● **Task instructions**
Could you restate all of the records below exactly, with the pictures left out?

##### Dataset content

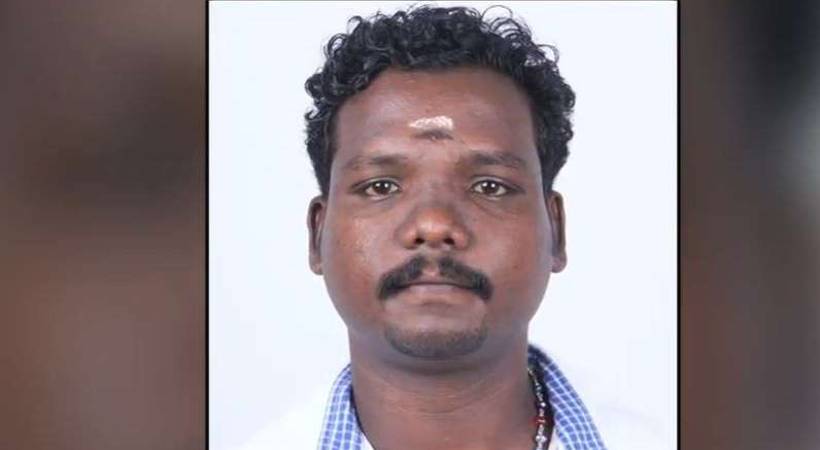 deepu cremation soon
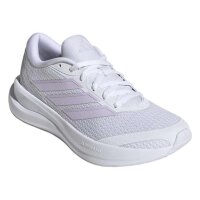 adidas Runfalcon 6 Laufschuhe Damen - ftwwht/icelav/cblack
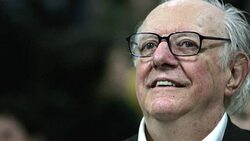 VOICED : Murio dramaturgo italiano Dario Fo Nobel de Literatura en 1997 News Clip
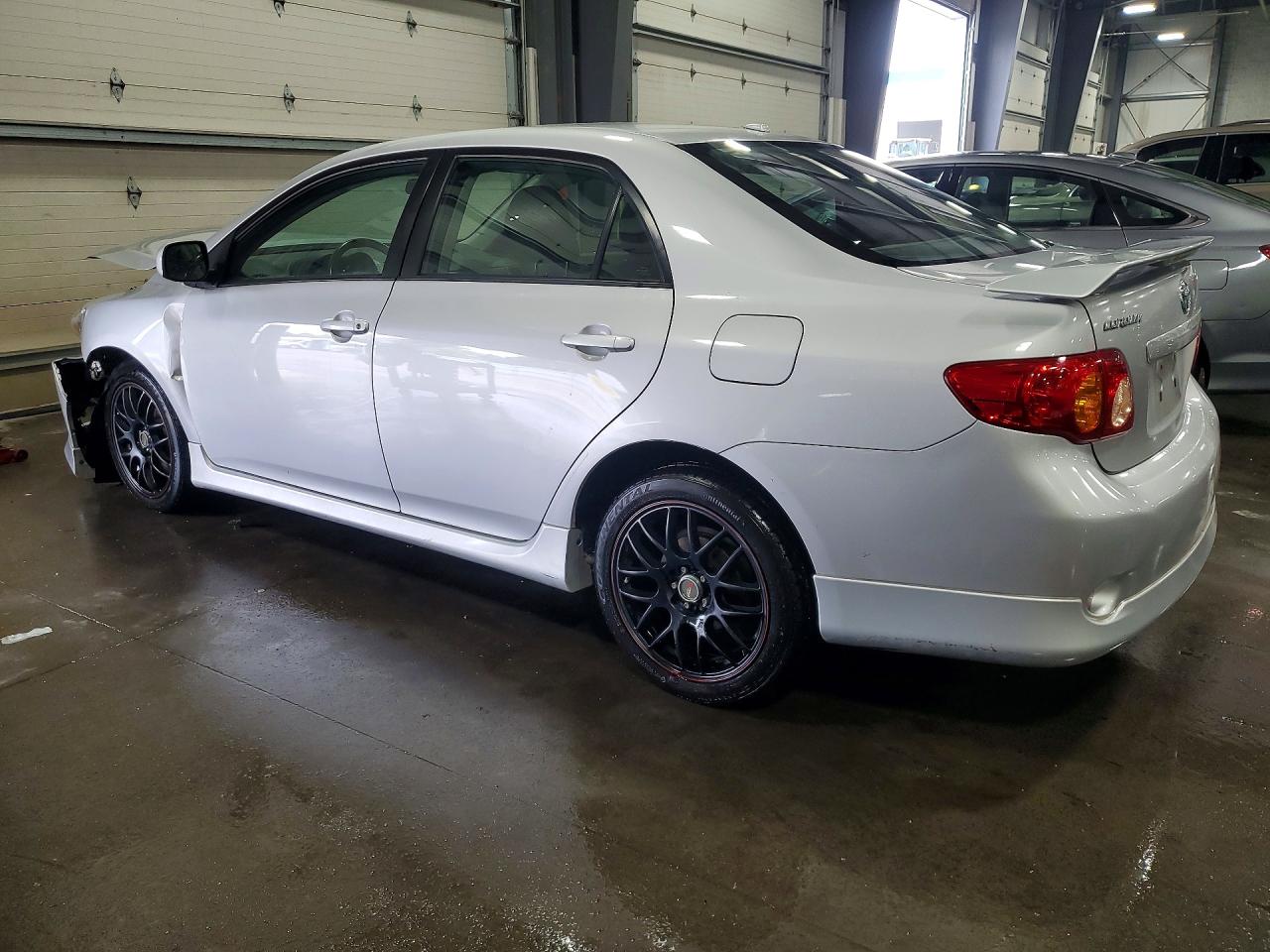Toyota Corolla S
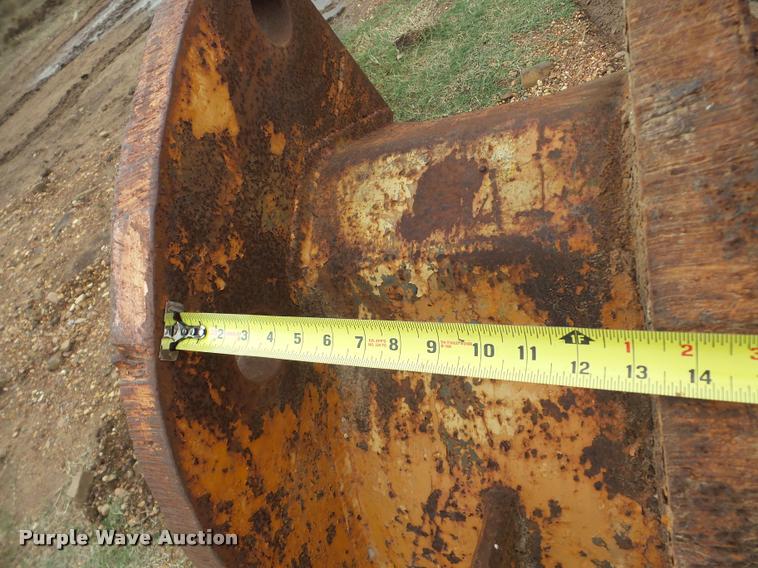 image for item DA2989 Bucket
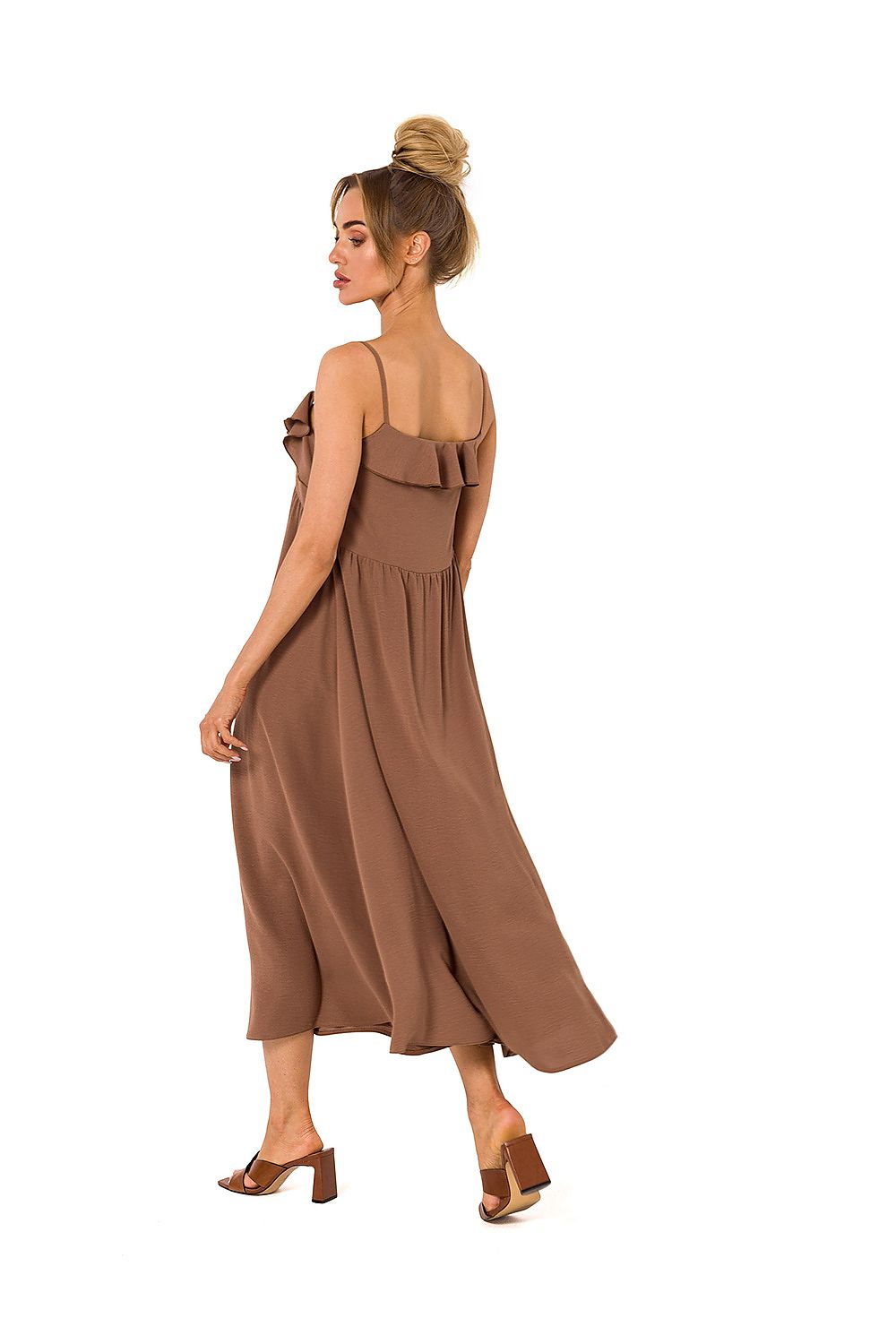 Vestito da giorno model 177545 Moe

##########

● **Answer section**
 deepu cremation soon
 adidas Runfalcon 6 Laufschuhe Damen - ftwwht/icelav/cblack
 VOICED : Murio dramaturgo italiano Dario Fo Nobel de Literatura en 1997 News Clip
Toyota Corolla S
 image for item DA2989 Bucket
 Vestito da giorno model 177545 Moe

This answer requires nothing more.